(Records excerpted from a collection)
=== Section Start ===
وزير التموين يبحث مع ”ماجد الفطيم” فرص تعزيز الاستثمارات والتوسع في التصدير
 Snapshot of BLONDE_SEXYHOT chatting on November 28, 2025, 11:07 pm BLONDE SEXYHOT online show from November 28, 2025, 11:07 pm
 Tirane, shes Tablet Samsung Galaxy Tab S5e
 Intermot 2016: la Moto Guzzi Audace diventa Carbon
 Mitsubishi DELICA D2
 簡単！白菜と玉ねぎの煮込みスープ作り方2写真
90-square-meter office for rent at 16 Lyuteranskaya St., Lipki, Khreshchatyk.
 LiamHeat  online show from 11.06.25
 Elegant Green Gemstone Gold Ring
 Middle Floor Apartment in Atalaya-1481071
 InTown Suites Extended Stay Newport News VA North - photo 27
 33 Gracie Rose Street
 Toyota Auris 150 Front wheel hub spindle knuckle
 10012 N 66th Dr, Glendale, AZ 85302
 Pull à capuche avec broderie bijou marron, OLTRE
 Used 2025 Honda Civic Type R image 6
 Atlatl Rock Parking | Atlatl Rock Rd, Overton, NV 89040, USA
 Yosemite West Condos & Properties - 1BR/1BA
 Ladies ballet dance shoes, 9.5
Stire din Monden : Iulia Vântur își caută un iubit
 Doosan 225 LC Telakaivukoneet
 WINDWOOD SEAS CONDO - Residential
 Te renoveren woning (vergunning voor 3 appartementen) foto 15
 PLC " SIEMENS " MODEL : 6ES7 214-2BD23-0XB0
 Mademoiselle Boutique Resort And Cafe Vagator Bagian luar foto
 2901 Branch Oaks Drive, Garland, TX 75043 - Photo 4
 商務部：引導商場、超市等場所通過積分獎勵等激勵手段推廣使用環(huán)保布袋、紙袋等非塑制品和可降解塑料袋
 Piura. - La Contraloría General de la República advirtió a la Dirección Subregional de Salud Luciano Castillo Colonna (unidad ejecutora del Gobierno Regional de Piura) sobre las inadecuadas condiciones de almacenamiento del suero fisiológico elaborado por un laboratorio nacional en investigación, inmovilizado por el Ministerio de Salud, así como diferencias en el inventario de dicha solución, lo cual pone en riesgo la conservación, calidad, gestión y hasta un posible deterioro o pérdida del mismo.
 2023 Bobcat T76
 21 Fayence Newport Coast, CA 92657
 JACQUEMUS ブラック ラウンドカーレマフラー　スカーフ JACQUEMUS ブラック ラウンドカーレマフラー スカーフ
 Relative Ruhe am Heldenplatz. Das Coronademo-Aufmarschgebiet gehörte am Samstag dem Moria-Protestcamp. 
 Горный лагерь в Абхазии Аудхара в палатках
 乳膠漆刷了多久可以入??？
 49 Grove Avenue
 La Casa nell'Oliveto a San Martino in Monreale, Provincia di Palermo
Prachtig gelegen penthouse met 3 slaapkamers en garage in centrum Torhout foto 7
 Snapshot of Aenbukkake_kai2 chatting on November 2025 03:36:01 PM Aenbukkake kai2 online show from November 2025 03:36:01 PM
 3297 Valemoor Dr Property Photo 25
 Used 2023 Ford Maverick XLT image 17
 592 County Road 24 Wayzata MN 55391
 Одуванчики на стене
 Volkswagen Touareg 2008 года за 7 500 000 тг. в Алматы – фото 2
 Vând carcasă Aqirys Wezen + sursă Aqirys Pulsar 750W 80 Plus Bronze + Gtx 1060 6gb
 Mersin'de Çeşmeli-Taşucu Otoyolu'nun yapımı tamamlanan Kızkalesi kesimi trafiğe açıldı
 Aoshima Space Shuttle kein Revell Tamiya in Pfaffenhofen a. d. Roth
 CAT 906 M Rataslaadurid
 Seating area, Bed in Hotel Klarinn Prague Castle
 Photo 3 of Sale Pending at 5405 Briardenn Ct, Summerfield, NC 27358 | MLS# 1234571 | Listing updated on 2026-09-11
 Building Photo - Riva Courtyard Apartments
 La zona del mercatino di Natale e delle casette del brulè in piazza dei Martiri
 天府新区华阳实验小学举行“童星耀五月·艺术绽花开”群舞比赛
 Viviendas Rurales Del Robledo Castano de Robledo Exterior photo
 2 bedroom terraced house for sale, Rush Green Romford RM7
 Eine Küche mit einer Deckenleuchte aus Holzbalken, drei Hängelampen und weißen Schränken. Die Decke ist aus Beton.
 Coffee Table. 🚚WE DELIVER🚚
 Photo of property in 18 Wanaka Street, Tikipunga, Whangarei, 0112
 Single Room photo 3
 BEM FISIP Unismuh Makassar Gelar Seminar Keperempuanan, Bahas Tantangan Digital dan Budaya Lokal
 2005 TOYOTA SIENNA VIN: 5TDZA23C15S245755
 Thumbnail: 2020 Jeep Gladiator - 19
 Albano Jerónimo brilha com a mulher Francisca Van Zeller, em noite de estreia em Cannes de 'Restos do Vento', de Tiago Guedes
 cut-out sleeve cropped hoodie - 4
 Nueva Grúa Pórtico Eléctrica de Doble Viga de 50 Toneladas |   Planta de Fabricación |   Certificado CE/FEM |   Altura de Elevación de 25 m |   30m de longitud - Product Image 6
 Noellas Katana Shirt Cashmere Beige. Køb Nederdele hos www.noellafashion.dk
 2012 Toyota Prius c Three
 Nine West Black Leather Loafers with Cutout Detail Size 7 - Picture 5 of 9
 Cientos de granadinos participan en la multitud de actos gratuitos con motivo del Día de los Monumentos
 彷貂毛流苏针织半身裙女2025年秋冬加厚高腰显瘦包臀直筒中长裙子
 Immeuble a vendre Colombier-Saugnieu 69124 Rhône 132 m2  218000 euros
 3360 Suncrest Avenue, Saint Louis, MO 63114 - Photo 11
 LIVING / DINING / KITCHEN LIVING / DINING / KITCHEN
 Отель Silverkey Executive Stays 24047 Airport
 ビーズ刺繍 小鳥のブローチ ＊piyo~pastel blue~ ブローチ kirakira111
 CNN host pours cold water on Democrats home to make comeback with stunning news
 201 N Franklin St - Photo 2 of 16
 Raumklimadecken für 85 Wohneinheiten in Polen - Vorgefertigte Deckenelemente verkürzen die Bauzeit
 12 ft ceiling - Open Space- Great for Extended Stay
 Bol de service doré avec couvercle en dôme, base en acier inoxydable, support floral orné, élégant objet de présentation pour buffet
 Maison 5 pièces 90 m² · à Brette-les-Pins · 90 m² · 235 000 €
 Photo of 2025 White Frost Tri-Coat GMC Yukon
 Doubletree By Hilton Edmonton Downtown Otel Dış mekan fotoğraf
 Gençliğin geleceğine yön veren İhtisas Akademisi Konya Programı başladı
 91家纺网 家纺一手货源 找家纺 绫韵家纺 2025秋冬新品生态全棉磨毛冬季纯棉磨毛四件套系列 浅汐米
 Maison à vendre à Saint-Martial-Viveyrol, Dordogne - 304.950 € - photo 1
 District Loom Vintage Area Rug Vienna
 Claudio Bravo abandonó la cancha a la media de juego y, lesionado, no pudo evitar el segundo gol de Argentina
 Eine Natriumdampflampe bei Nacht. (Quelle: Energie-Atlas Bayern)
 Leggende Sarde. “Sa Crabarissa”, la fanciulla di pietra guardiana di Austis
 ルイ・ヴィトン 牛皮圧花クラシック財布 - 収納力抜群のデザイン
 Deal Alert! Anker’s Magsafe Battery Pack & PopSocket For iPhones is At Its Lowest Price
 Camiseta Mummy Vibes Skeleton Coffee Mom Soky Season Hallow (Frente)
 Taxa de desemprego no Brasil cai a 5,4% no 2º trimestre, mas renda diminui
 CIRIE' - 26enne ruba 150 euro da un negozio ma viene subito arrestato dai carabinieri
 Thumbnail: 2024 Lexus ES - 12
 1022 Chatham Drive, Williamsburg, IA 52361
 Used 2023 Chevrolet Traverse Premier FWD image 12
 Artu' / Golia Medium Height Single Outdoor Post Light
=== Section End ===
Could you repeat exactly the lines above from the line with "Отель Silverkey Executive" up to and including the line with "1022 Chatham Drive, Williamsburg, IA 52361", and only those?

Output of the exercise:
 Отель Silverkey Executive Stays 24047 Airport
 ビーズ刺繍 小鳥のブローチ ＊piyo~pastel blue~ ブローチ kirakira111
 CNN host pours cold water on Democrats home to make comeback with stunning news
 201 N Franklin St - Photo 2 of 16
 Raumklimadecken für 85 Wohneinheiten in Polen - Vorgefertigte Deckenelemente verkürzen die Bauzeit
 12 ft ceiling - Open Space- Great for Extended Stay
 Bol de service doré avec couvercle en dôme, base en acier inoxydable, support floral orné, élégant objet de présentation pour buffet
 Maison 5 pièces 90 m² · à Brette-les-Pins · 90 m² · 235 000 €
 Photo of 2025 White Frost Tri-Coat GMC Yukon
 Doubletree By Hilton Edmonton Downtown Otel Dış mekan fotoğraf
 Gençliğin geleceğine yön veren İhtisas Akademisi Konya Programı başladı
 91家纺网 家纺一手货源 找家纺 绫韵家纺 2025秋冬新品生态全棉磨毛冬季纯棉磨毛四件套系列 浅汐米
 Maison à vendre à Saint-Martial-Viveyrol, Dordogne - 304.950 € - photo 1
 District Loom Vintage Area Rug Vienna
 Claudio Bravo abandonó la cancha a la media de juego y, lesionado, no pudo evitar el segundo gol de Argentina
 Eine Natriumdampflampe bei Nacht. (Quelle: Energie-Atlas Bayern)
 Leggende Sarde. “Sa Crabarissa”, la fanciulla di pietra guardiana di Austis
 ルイ・ヴィトン 牛皮圧花クラシック財布 - 収納力抜群のデザイン
 Deal Alert! Anker’s Magsafe Battery Pack & PopSocket For iPhones is At Its Lowest Price
 Camiseta Mummy Vibes Skeleton Coffee Mom Soky Season Hallow (Frente)
 Taxa de desemprego no Brasil cai a 5,4% no 2º trimestre, mas renda diminui
 CIRIE' - 26enne ruba 150 euro da un negozio ma viene subito arrestato dai carabinieri
 Thumbnail: 2024 Lexus ES - 12
 1022 Chatham Drive, Williamsburg, IA 52361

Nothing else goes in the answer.